Abstract
Introduction: Parkinson's disease (PD) is a neurodegenerative movement disorder, characterized by progressive loss of dopaminergic neurons and accumulation of proteinaceous Lewy body inclusions. Mitochondrial dysfunction has emerged as a prominent cellular mechanism involved in neurodegeneration, including PD. The contribution of mitochondrial DNA (mtDNA) variants to PD pathogenesis has long been debated but is still not clearly answered. Several nuclear genes driving inherited forms of PD, such as PRKN, are linked to mtDNA quality control mechanisms. Accordingly, somatic mtDNA variants have been suggested to contribute to the impairment of mitochondrial function in PD. (reviewed in 1)

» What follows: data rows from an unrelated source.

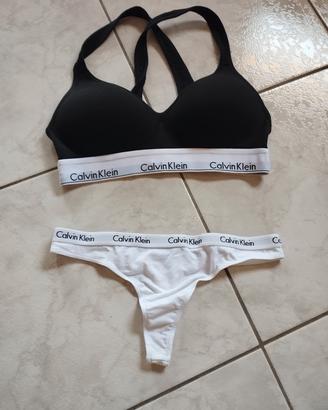  completo intimo Calvin Klein taglia m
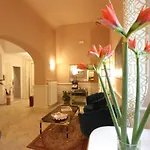 Corsini Tintori Guest House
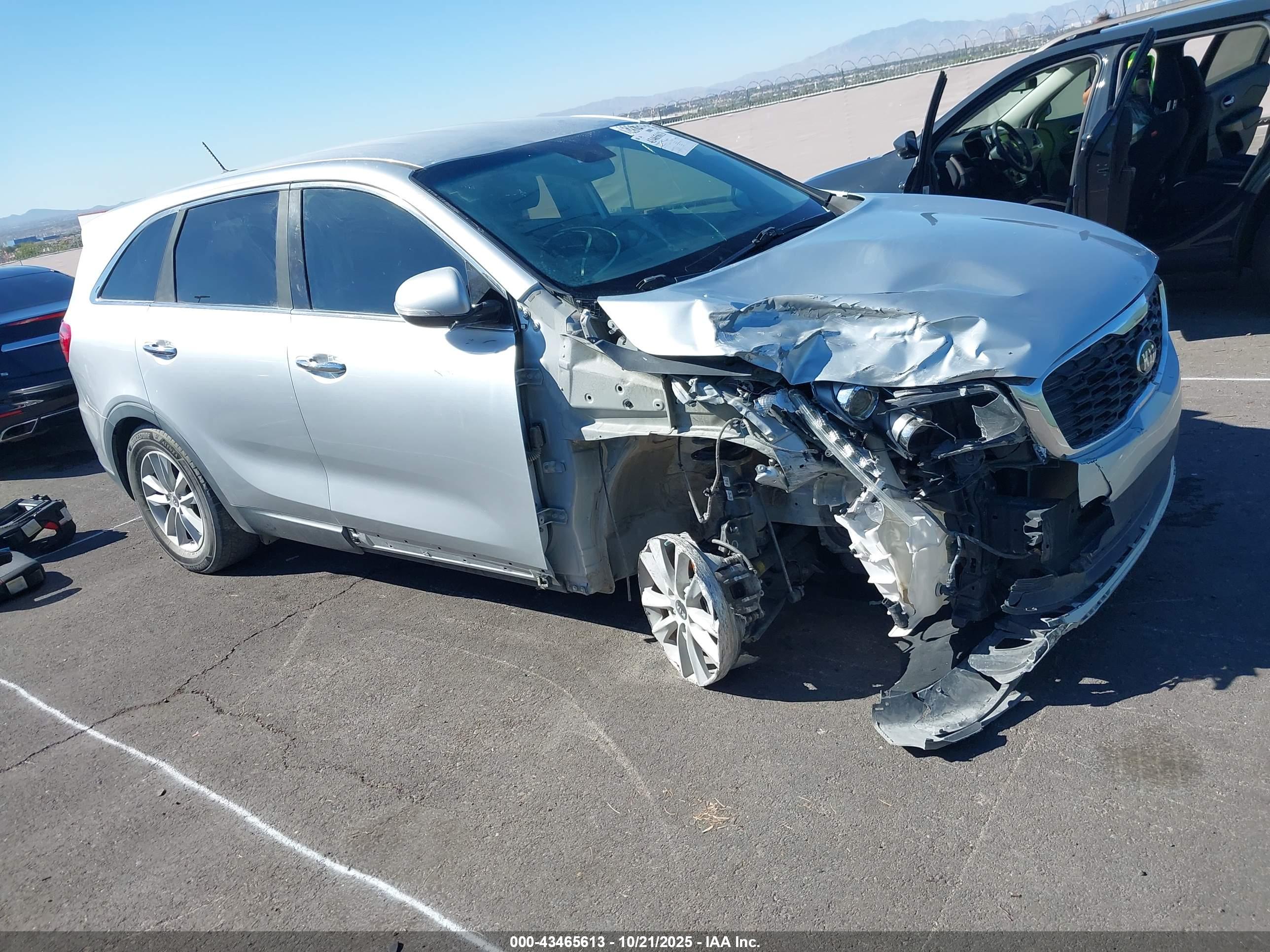 KIA SORENTO image 6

Material and Methods: mtDNA copy number, D-Loop activity and major arc deletion were analyzed in whole blood, lymphoblasts, fibroblasts, induced pluripotent stem cells (iPSC) and iPSC-derived neuronal progenitor cells and neurons of PD patients, healthy heterozygous PRKN variant carriers, and matched controls by digital droplet PCR and real-time PCR. mtDNA sequencing was performed by Next Generation Sequencing methodology at high coverage.
Results: mtDNA copy numbers tended to be increased in iPSC and derived neurons, as compared to respective cells of origin. D-loop transcriptional/replicative activity, as measured by 7S DNA quantities, appeared to be decreased in iPSC-derived neurons. No significant increases of large mtDNA deletions were detected in iPSC-derived neurons. An accumulation of heteroplasmic variants was observed in cell models compared to blood DNA in mutation carriers and controls. Interestingly, we noted an altered correlation of mutation frequency in iPSC and derived neurons between controls and PRKN variant carriers.
Conclusion: mtDNA copy numbers and function correlate with cell type. mtDNA variants are mainly observed in clonally derived cells and propagate to varying amounts of heteroplasmy levels. Deep mtDNA genotyping provides evidence for an altered mitochondrial quality control mechanism in PD-related mutation carriers. Therefore, advanced cellular models are indicated for the study of mitochondrial genotypes and its contribution to the phenotype in neurodegenerative diseases, as exemplified by PD.